Pour les perspectives de fonctionnement au-delà de 60 ans, les premiers livrables d'EDF sont attendus pour la fin de l'année 2024. L'ASN prendra position sur ce sujet d'ici la fin de l'année 2026.

Source : réponses de l'ASN à la commission d'enquête

Dans son avis du 13 juin 2023 précité, l'ASN a demandé à EDF de lui remettre un dossier technique détaillée d'ici à la fin de l'année 2024 documentant les perspectives de prolongation au-delà de 60 ans des réacteurs de son parc.
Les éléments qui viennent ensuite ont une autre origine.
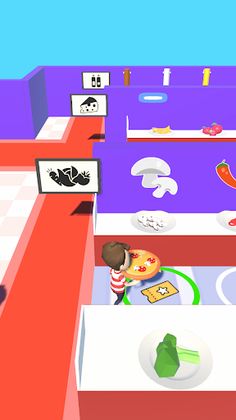 Kitchen Chaos - Screenshot 3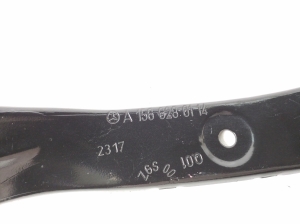 Mercedes Benz GLA-Class 156 (2013–2019) Front fender bracket A1566280114 - 2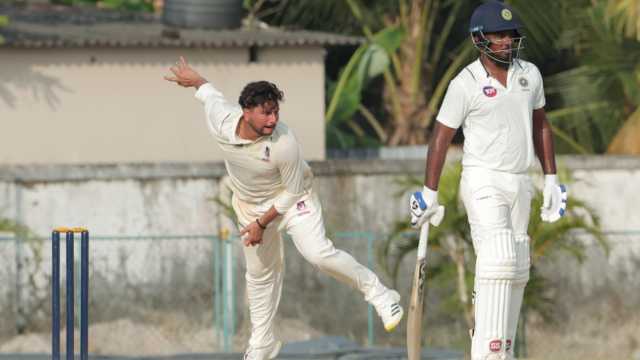 Delhi Team DELHI Match Live Score News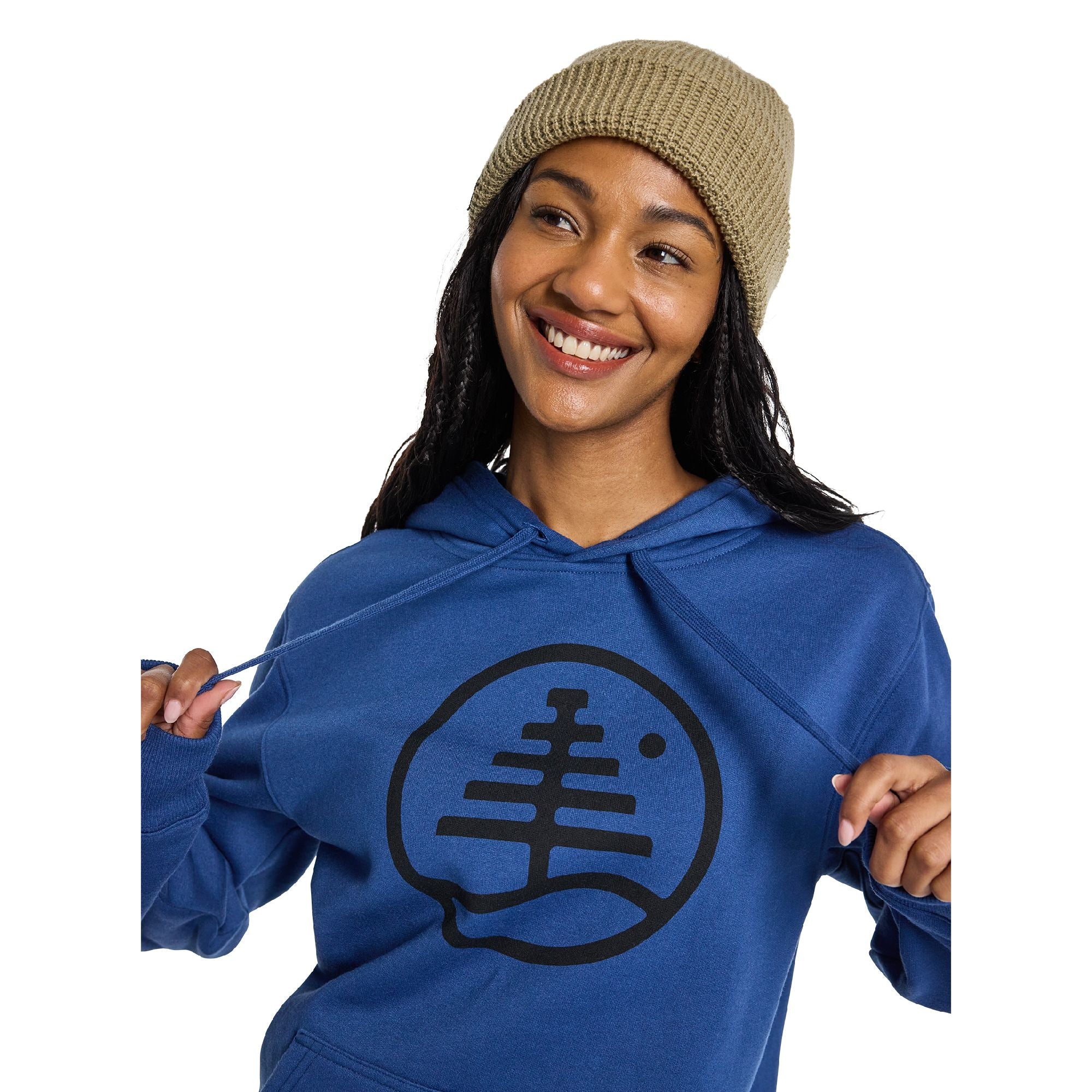 Burton Family Tree Pullover Hoodie Dreamruns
Sur la base de cette étude, l'ASN a pris l'engagement de prendre une première position d'ici à la fin de l'année 2026 sur les points sensibles à expertiser et traiter en priorité dans le cadre de la poursuite du fonctionnement des centrales après 60 ans.

Une prise de position de l'ASN est attendue en 2026

La démarche d'anticipation sur les perspectives de poursuite de fonctionnement engagée par l'ASN avec EDF, qui conduira à une prise de position à la fin de l'année 2026 poursuit les objectifs suivants :

- Mettre en avant les difficultés devant être traitées en amont de la déclinaison des sixièmes réexamens périodiques, voire au-delà, notamment en matière de méthodes de justification ;

- Identifier les sujets limitants pour la poursuite de fonctionnement, et les échéances associées, pouvant concerner plusieurs réacteurs.

Il s'agit ainsi d'une démarche d'anticipation et de réduction des incertitudes entourant la capacité des réacteurs existants à poursuivre leur fonctionnement jusqu'à 60 ans et au-delà, qui n'a pas vocation à se substituer aux réexamens périodiques, qui sont un processus de démonstration de la capacité de ces réacteurs à poursuivre leur fonctionnement pour 10 années supplémentaires.

Cette démarche devrait conduire à un avis de l'ASN sur les perspectives de poursuite du fonctionnement du parc jusqu'à et au-delà de 60 ans, ainsi qu'une liste de sujets pour lesquels un travail anticipé par rapport aux réexamens est nécessaire.

Source : réponses de l'ASN à la commission d'enquête

Recommandation n° 23

Destinataire

Échéance

Support/Action

Affirmer sans ambiguïté l'orientation politique stratégique visant à prolonger la durée de vie du maximum de réacteurs au-delà de 60 ans et mobiliser en ce sens dès à présent tous les acteurs concernés

Gouvernement (ministère chargé de l'énergie)

EDF

ASN

CEA

2024

Orientations stratégiques


* 631 Les « internes de cuve ».

* 632 Deux réacteurs des centrales de Turkey Point, Surry et Peach Bottom.

* 633 Table ronde du 6 février 2024.